• Problem statement
Transcribe exactly the lines below that begin at the line with "シリーズ30周年、オールニューで攻勢かける新型KTM『390デューク" and stop after the line with "Building Photo - 14035 Mohave Way Dr", leaving out every picture.

• Entries provided
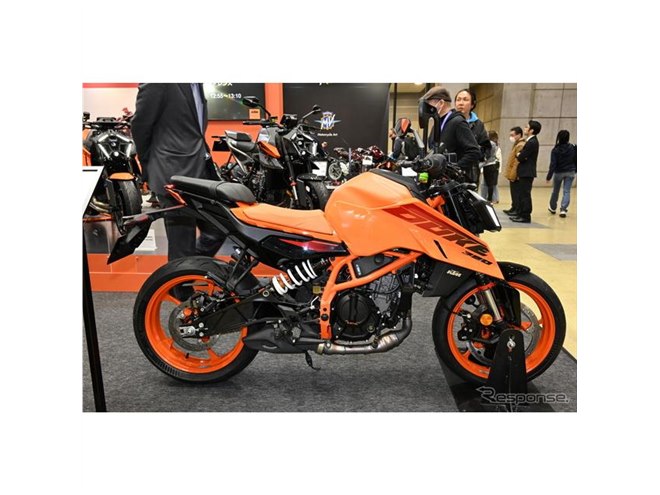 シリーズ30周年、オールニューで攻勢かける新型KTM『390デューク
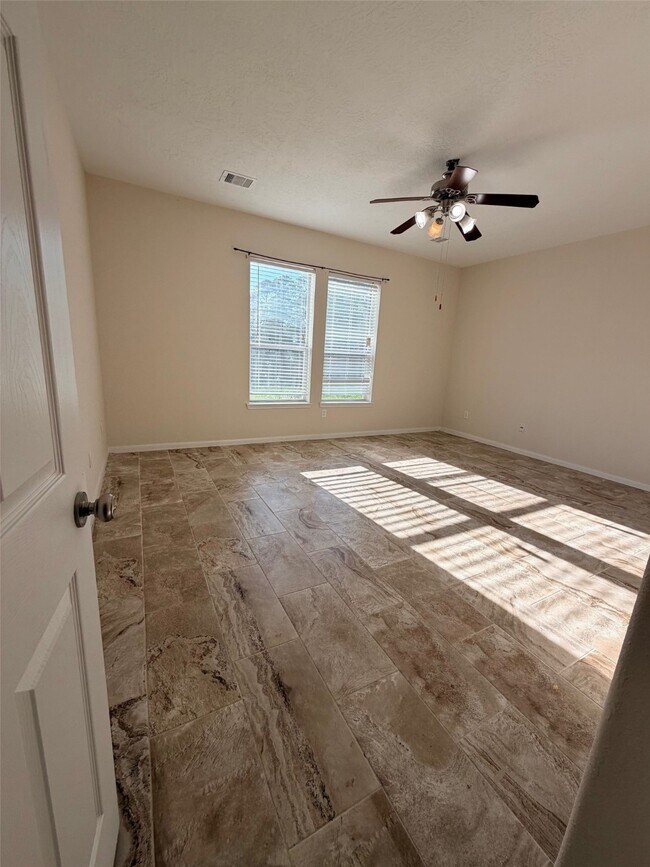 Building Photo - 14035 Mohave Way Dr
--
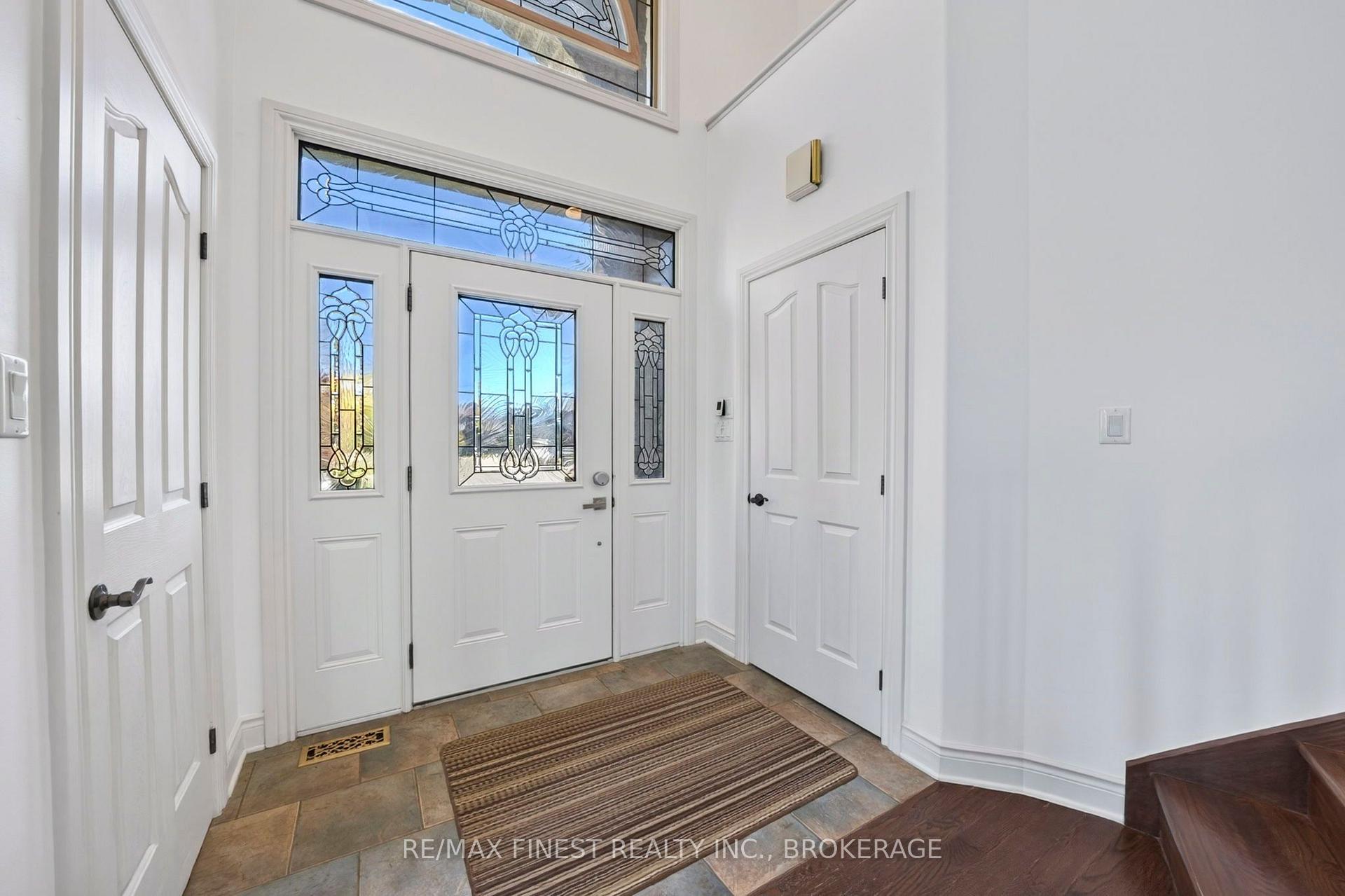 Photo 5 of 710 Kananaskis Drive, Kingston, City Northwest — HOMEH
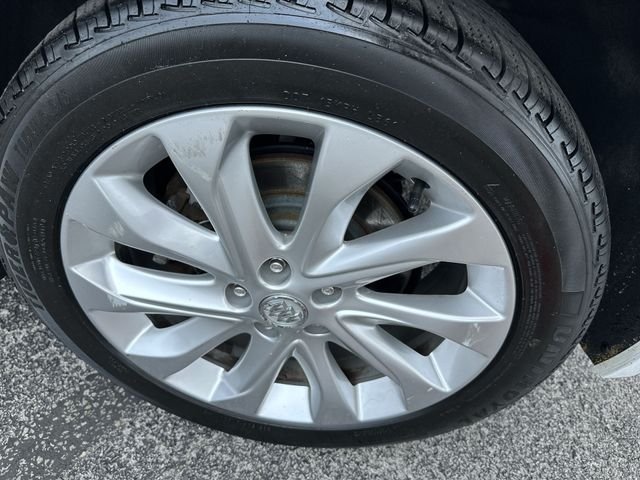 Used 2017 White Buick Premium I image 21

• Solution to the exercise
 シリーズ30周年、オールニューで攻勢かける新型KTM『390デューク
 Building Photo - 14035 Mohave Way Dr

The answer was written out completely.